Armed with these prescriptions, we submitted our samples for sequencing (for me, that involved convincing the kind folks at the local LabCorp to draw blood for a test they’d never seen before). Results were sent first to the physicians, with whom we were supposed to discuss them, and then unveiled to us at the UYG event through a custom iPad genome browsing app. The full-day event also included speakers from research institutions and Illumina, with genetic counselors presenting an aggregate genomic snapshot of our little group.We were greeted with “I got genomed” buttons, a thumb drive, and personalized plaques made out of the chip that had fed our DNA into the sequencer.
Through participating in UYG, I became a member of a very small community. This was the sixteenth such event (the first to my knowledge that offered this lower price), and had some 40 participants. The UYG program has sequenced a total of about 500 people. A number of speakers mentioned the slower-than-expected uptake of genome sequencing—both in the clinic and among consumers—and an Illumina representative told us that the company had subsidized the cost of our sequence and analysis to help generate interest in personal genomics. While I suspect that cost is still a barrier (until recently the UYG program charged $5,000), the prevailing theory seems to be that people fear they will learn too much. Many people believe, incorrectly, that your genome is a crystal ball that will tell you when and how you’ll die, or any number of other unpleasant things.
Knowing this, I went into the UYG event with low expectations about what I’d learn from my genome. Genomics is still in its infancy; our understanding of what it all means is quite limited. And I’m a healthy adult, so there presumably isn’t anything too scary lurking in my DNA. A genetic counselor from Illumina said that UYG participants’ most common reaction was finding their results boring, and joked that never had people been so disappointed by a clean bill of health.
But even with my expectations in check, the actual results were a snooze. After combing through some 6,000 variants in my DNA, Illumina found that a whopping zero of them were of clinical relevance to my life right now. There were a few findings that may matter down the road: I have a genetic variation that makes me a poor metabolizer of warfarin—useful knowledge should I need blood thinners later in life. And I’m a carrier of several conditions, including one that could offer an explanation for some breathing issues that run in my family. But the one thing I knew about my genome going into the event—that I’m a carrier of a rare kidney disease—wasn’t picked up because the gene harboring that mutation is in a region too complex to be included in this test.

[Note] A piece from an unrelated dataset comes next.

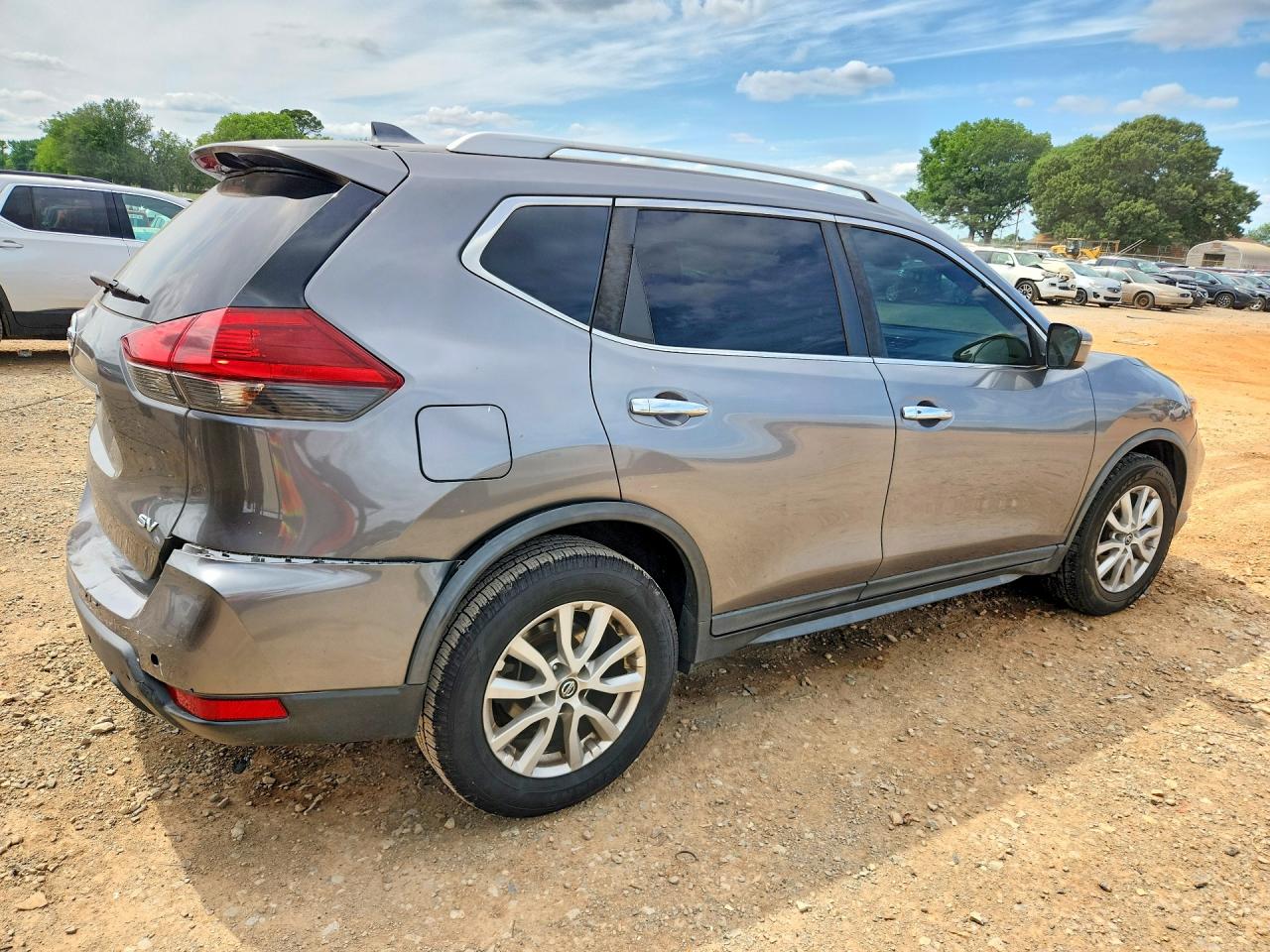 Nissan Rogue Sv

One might think I would be disappointed after 15 years of anticipation, but I’m not. This first glimpse of my DNA was interesting, but it’s what comes next that I’m excited about. Now that I have my sequence, I can submit it to a number of research studies that will use it to contribute to new discoveries about diseases and traits that could make a difference for people around the world. Over time, new ways to analyze the underlying data will emerge and help me learn more about what my genome means. I’ll be able to eventually add other types of information to the data mix as other technologies and tests become available.
Getting your genome sequenced today is the beginning of a journey. If you accept that you might not learn much but are interested in establishing a foundation that you can build on for years, I can’t recommend it highly enough. But if you’re looking for that crystal ball, a genome sequence won’t give you one.